Exercise instructions: All the lines below need retyping exactly, apart from the images.

====

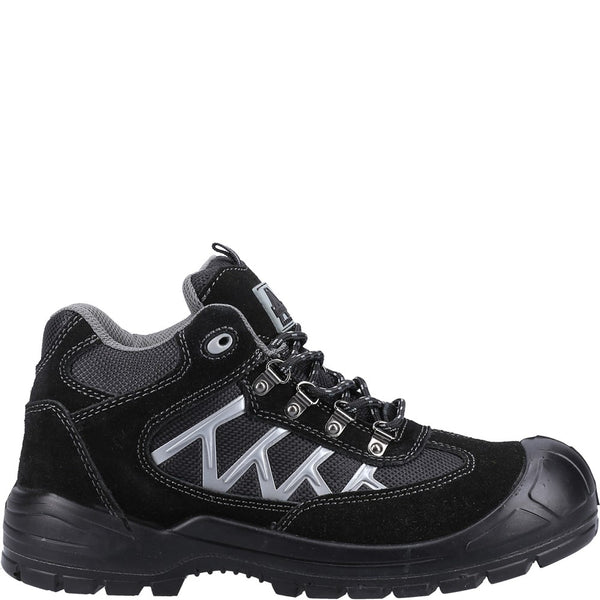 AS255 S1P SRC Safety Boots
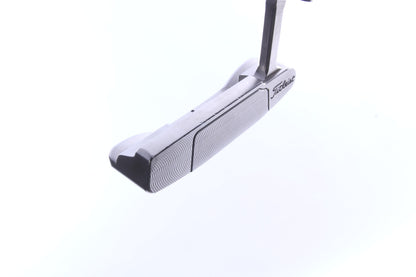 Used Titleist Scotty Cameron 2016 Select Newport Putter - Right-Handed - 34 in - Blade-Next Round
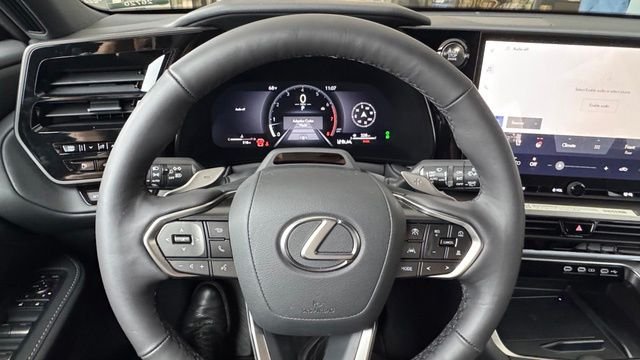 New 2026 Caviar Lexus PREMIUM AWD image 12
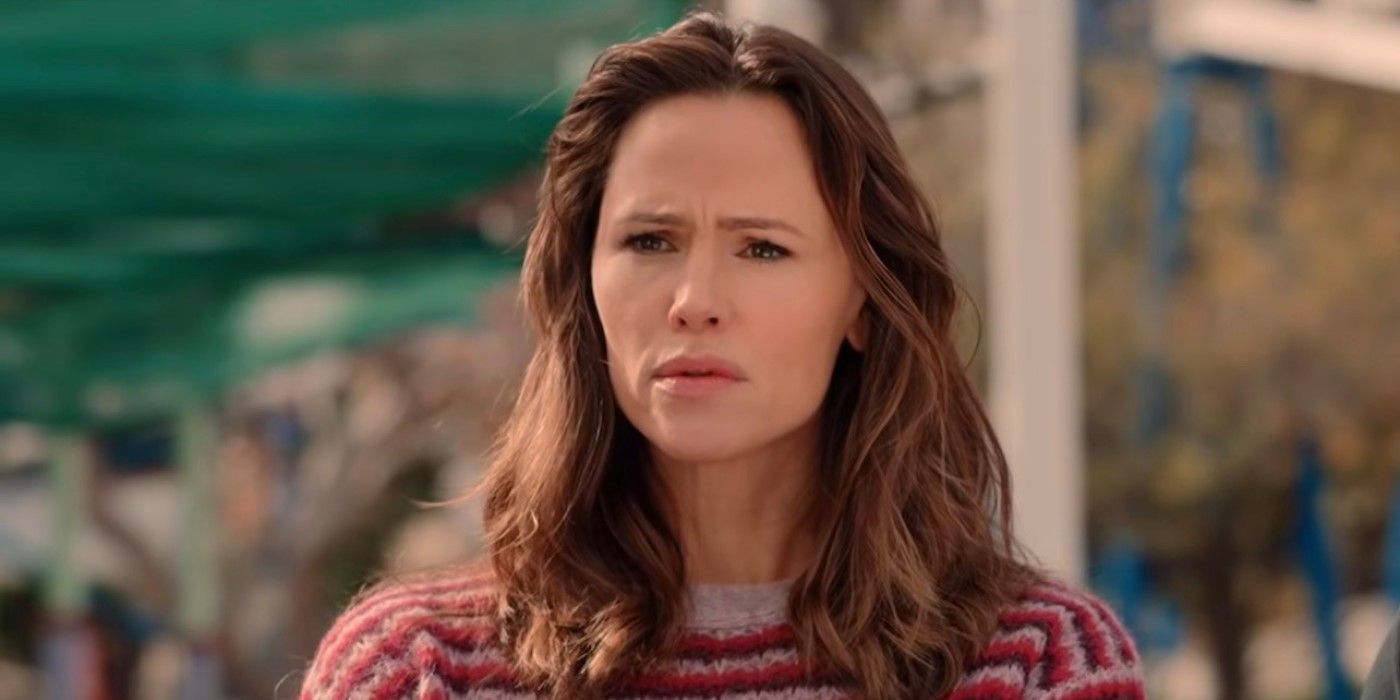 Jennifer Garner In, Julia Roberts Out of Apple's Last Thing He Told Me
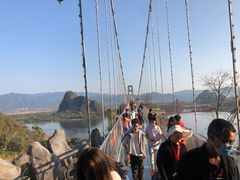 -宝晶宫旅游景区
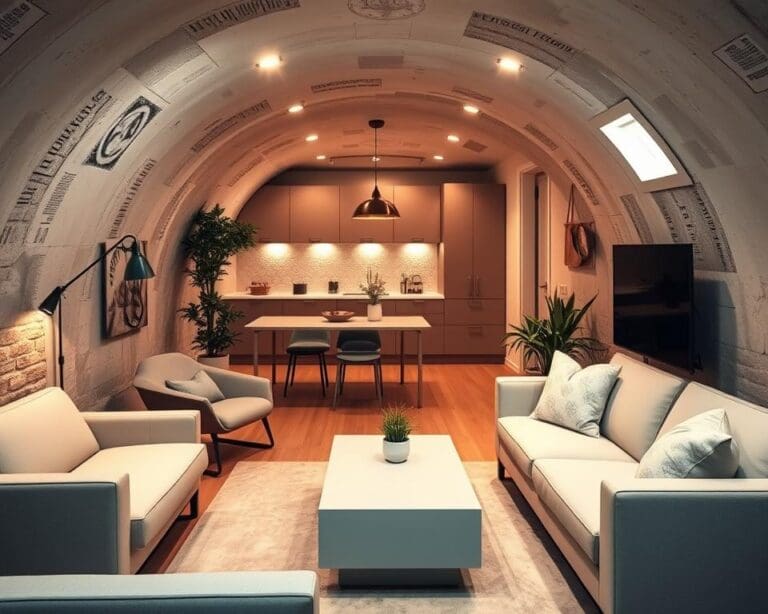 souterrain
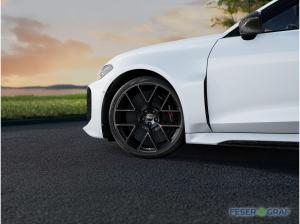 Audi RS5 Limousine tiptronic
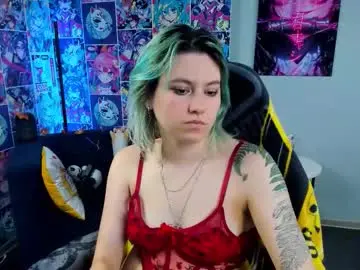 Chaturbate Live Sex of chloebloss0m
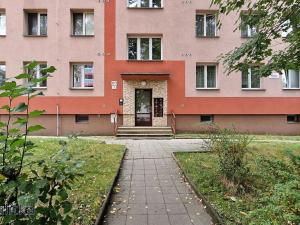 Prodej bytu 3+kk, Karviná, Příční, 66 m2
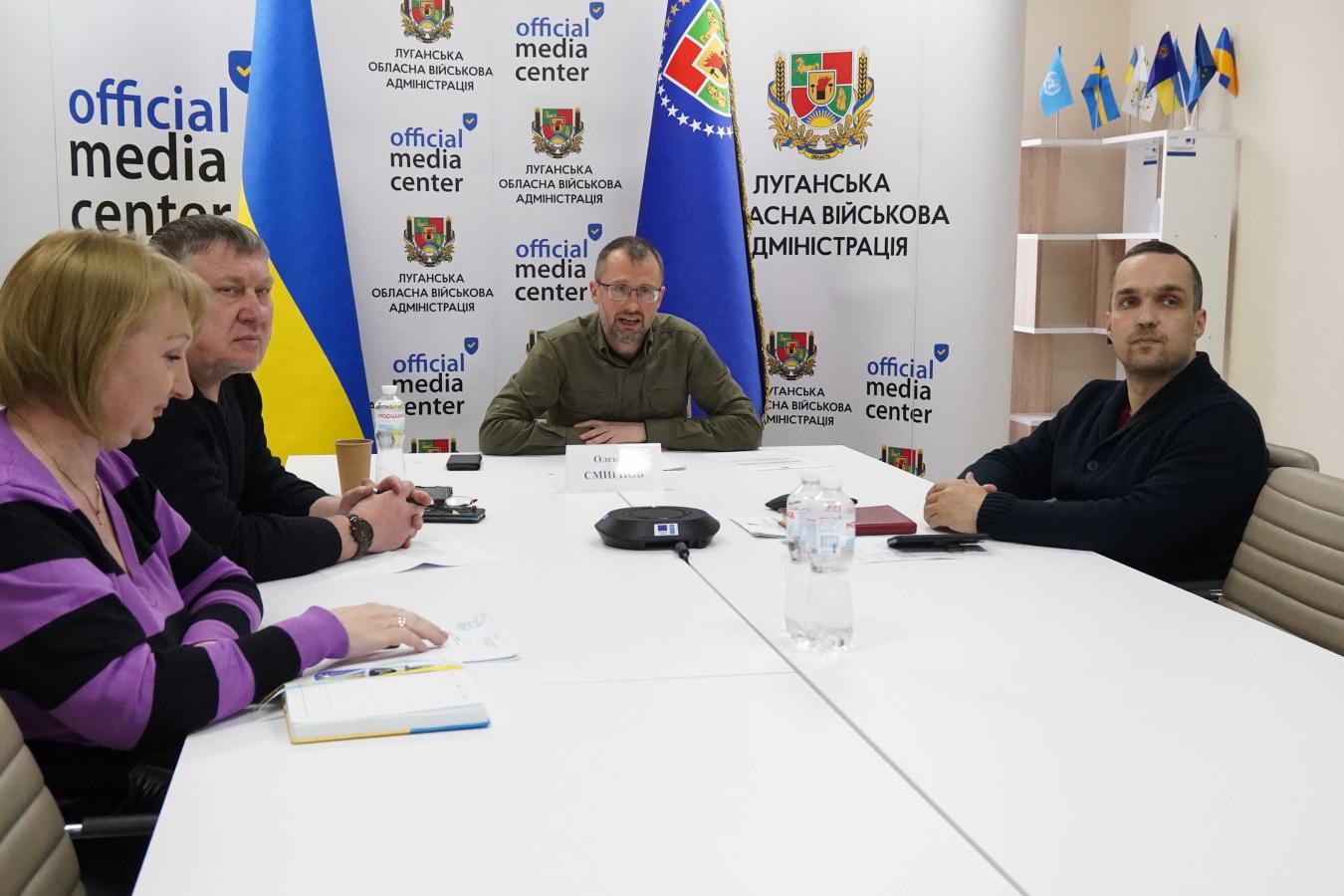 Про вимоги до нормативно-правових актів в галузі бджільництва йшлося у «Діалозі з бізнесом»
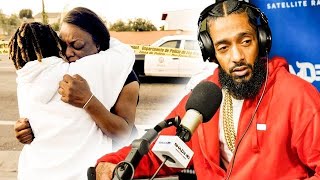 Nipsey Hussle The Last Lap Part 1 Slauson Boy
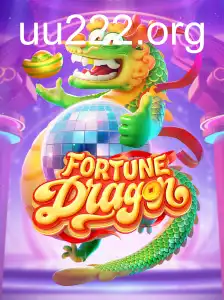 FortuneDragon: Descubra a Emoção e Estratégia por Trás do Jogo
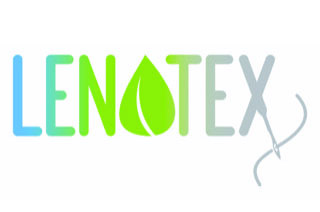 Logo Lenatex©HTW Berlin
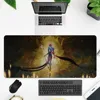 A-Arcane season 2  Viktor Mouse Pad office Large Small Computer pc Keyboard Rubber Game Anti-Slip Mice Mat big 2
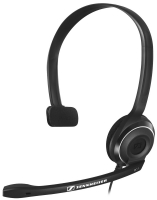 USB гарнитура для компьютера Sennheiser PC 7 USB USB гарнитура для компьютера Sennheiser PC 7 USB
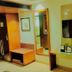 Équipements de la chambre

====

Solution for this exercise:
 AS255 S1P SRC Safety Boots
 Used Titleist Scotty Cameron 2016 Select Newport Putter - Right-Handed - 34 in - Blade-Next Round
 New 2026 Caviar Lexus PREMIUM AWD image 12
 Jennifer Garner In, Julia Roberts Out of Apple's Last Thing He Told Me
 -宝晶宫旅游景区
 souterrain
 Audi RS5 Limousine tiptronic
 Chaturbate Live Sex of chloebloss0m
 Prodej bytu 3+kk, Karviná, Příční, 66 m2
 Про вимоги до нормативно-правових актів в галузі бджільництва йшлося у «Діалозі з бізнесом»
 Nipsey Hussle The Last Lap Part 1 Slauson Boy
 FortuneDragon: Descubra a Emoção e Estratégia por Trás do Jogo
 Logo Lenatex©HTW Berlin
 A-Arcane season 2  Viktor Mouse Pad office Large Small Computer pc Keyboard Rubber Game Anti-Slip Mice Mat big 2
 USB гарнитура для компьютера Sennheiser PC 7 USB USB гарнитура для компьютера Sennheiser PC 7 USB
 Équipements de la chambre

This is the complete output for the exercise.